Available data Block Start
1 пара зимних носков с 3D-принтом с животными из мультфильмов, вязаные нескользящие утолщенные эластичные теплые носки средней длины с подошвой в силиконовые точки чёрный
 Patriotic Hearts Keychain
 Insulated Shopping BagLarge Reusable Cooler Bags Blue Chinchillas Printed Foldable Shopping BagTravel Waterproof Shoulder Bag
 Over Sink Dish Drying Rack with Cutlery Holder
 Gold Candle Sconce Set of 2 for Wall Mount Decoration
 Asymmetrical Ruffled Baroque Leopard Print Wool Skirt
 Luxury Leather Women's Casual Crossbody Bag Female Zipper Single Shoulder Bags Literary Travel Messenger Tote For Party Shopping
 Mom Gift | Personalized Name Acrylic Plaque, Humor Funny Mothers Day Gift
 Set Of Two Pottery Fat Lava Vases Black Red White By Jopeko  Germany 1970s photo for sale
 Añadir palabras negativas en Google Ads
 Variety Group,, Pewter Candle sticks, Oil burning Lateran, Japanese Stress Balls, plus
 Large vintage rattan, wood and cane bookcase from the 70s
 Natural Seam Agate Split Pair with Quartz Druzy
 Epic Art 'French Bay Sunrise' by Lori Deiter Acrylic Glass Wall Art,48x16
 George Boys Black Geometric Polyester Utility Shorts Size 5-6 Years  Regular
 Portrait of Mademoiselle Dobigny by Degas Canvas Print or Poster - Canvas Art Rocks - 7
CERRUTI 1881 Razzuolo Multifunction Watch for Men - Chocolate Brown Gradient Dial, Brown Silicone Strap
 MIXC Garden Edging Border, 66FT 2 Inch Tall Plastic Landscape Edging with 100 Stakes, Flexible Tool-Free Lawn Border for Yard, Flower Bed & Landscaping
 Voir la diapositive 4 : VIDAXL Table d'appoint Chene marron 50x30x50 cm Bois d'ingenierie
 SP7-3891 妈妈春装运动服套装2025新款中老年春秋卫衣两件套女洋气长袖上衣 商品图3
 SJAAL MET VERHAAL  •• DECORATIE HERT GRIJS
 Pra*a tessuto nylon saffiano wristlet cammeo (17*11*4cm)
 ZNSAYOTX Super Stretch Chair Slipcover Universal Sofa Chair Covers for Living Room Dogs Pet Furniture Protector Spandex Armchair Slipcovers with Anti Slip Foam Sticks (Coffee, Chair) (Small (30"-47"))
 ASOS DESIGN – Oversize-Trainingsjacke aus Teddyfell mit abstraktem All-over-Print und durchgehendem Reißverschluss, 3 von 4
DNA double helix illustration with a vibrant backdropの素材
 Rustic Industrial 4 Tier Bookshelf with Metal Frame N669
Available data Block End
What you return must match the data line for line.

* _The completed task_:
1 пара зимних носков с 3D-принтом с животными из мультфильмов, вязаные нескользящие утолщенные эластичные теплые носки средней длины с подошвой в силиконовые точки чёрный
 Patriotic Hearts Keychain
 Insulated Shopping BagLarge Reusable Cooler Bags Blue Chinchillas Printed Foldable Shopping BagTravel Waterproof Shoulder Bag
 Over Sink Dish Drying Rack with Cutlery Holder
 Gold Candle Sconce Set of 2 for Wall Mount Decoration
 Asymmetrical Ruffled Baroque Leopard Print Wool Skirt
 Luxury Leather Women's Casual Crossbody Bag Female Zipper Single Shoulder Bags Literary Travel Messenger Tote For Party Shopping
 Mom Gift | Personalized Name Acrylic Plaque, Humor Funny Mothers Day Gift
 Set Of Two Pottery Fat Lava Vases Black Red White By Jopeko  Germany 1970s photo for sale
 Añadir palabras negativas en Google Ads
 Variety Group,, Pewter Candle sticks, Oil burning Lateran, Japanese Stress Balls, plus
 Large vintage rattan, wood and cane bookcase from the 70s
 Natural Seam Agate Split Pair with Quartz Druzy
 Epic Art 'French Bay Sunrise' by Lori Deiter Acrylic Glass Wall Art,48x16
 George Boys Black Geometric Polyester Utility Shorts Size 5-6 Years  Regular
 Portrait of Mademoiselle Dobigny by Degas Canvas Print or Poster - Canvas Art Rocks - 7
CERRUTI 1881 Razzuolo Multifunction Watch for Men - Chocolate Brown Gradient Dial, Brown Silicone Strap
 MIXC Garden Edging Border, 66FT 2 Inch Tall Plastic Landscape Edging with 100 Stakes, Flexible Tool-Free Lawn Border for Yard, Flower Bed & Landscaping
 Voir la diapositive 4 : VIDAXL Table d'appoint Chene marron 50x30x50 cm Bois d'ingenierie
 SP7-3891 妈妈春装运动服套装2025新款中老年春秋卫衣两件套女洋气长袖上衣 商品图3
 SJAAL MET VERHAAL  •• DECORATIE HERT GRIJS
 Pra*a tessuto nylon saffiano wristlet cammeo (17*11*4cm)
 ZNSAYOTX Super Stretch Chair Slipcover Universal Sofa Chair Covers for Living Room Dogs Pet Furniture Protector Spandex Armchair Slipcovers with Anti Slip Foam Sticks (Coffee, Chair) (Small (30"-47"))
 ASOS DESIGN – Oversize-Trainingsjacke aus Teddyfell mit abstraktem All-over-Print und durchgehendem Reißverschluss, 3 von 4
DNA double helix illustration with a vibrant backdropの素材
 Rustic Industrial 4 Tier Bookshelf with Metal Frame N669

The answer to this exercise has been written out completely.